I have some slow running, low priority Celery tasks that I don’t want holding up more important tasks. I learnt how to configure Celery tasks, and queues, to support message priorities. Note, the project in question uses Django, Celery, and RabbitMQ.
Firstly, I needed to decide on my priority values. Whilst RabbitMQ supports priorities between 1 and 255, their docs highly recommend using values between 1 and 5.
It is important to know that higher priority values require more CPU and memory resources, since RabbitMQ needs to internally maintain a sub-queue for each priority from 1, up to the maximum value configured for a given queue.
— https://www.rabbitmq.com/docs/priority
I decided on using values between 1 and 3, which conveniently map to low, medium and high priority.
class Priority(enum.IntEnum):
LOW = 1
MEDIUM = 2
HIGH = 3
I then needed to configure Celery by updating a few settings in my Django settings module. Note, I’m not using the Priority
class here as that’s declared in another module that I didn’t want my Django settings module to depend upon.
# The default priority for all tasks.
CELERY_TASK_DEFAULT_PRIORITY = 2
# The default max priority for all queues.
CELERY_TASK_QUEUE_MAX_PRIORITY = 3
I wanted to use the RabbitMQ priority feature on all my queues, but if I’d only wanted it on certain queues I could have configured those using "x-max-priority"
like so.
CELERY_QUEUE_DEFAULT = "celery"
CELERY_QUEUE_PRIORITY = "priority"
CELERY_TASK_QUEUES = [
Queue(
name=CELERY_QUEUE_DEFAULT,
exchange=Exchange(CELERY_QUEUE_DEFAULT),
routing_key=CELERY_QUEUE_DEFAULT,
),
Queue(
name=CELERY_QUEUE_PRIORITY,
exchange=Exchange(CELERY_QUEUE_PRIORITY),
routing_key=CELERY_QUEUE_PRIORITY,
queue_arguments={"x-max-priority": 3}
),
]
After configuring Celery I ran into the following error starting up a worker.

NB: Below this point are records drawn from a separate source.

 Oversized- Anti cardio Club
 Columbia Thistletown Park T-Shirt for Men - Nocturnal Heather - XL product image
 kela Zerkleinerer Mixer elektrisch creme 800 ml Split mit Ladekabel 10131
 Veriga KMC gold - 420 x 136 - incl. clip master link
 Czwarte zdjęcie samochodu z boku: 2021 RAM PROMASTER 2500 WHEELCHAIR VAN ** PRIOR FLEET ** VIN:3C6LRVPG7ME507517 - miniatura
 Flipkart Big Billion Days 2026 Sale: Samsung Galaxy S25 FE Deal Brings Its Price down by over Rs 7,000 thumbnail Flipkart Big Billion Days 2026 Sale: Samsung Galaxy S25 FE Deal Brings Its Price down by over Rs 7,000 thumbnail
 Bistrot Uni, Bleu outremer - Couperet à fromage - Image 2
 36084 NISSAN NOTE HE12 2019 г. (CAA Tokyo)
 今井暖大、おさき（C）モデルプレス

amqp.exceptions.PreconditionFailed: Queue.declare: (406) PRECONDITION_FAILED - inequivalent arg 'x-max-priority' for queue 'celery' in vhost '/': received the value '3' of type 'signedint' but current is none
This is because existing queues can’t change from a classic queue into priority queue, or vice versa. More specifically, the number of priorities a queue supports can’t change after queue declaration.
To resolve this issue, on my local machine I used the following rabbitmqadmin
command to delete all my queues. Starting up a Celery worker created all my queues again now configured as priority queues.
# Caution! Delete all queues from RabbitMQ.
rabbitmqadmin --format=tsv --quiet list queues name | while read name; do rabbitmqadmin --quiet delete queue name=${name}; done
In production, the process was somewhat similar in that I created a new RabbitMQ instance and migrated the workers to point to the new instance. Again, starting up a production Celery worker created all my queues now configured as priority queues.
Lastly, I configured my appropriate Celery tasks using the Priority
class.
@app.task(priority=Priority.LOW)
def generate_report():
...
@app.task(priority=Priority.HIGH)
def send_email():
...
Some final notes. I’d already done so, but it’s worth disabling Celery worker prefetching with priority queues so workers always fetch the highest prioritised task. Also, worth bearing in mind how priority queues interact with other features, in particular queues which have a max-length set.